◆ **TASK ITEM**
Here the job is to repeat the listing exactly, but not the pictures in it.

◆ **DATA BELOW**

........

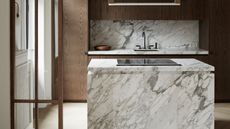 Close up of a square marble kitchen island. Surrounding cabinetry is in dark oak, and the backsplash is in a matching marble 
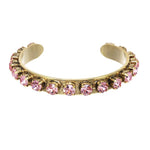 Open antique gold cuff bracelet set with pink crystals, shown worn on a model's wrist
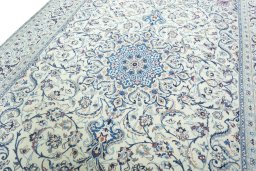 Backside of handmade 2000s Nain rug showing knot structure and weave density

........

◆ **ANSWER BELOW**
 Close up of a square marble kitchen island. Surrounding cabinetry is in dark oak, and the backsplash is in a matching marble 
 Open antique gold cuff bracelet set with pink crystals, shown worn on a model's wrist
 Backside of handmade 2000s Nain rug showing knot structure and weave density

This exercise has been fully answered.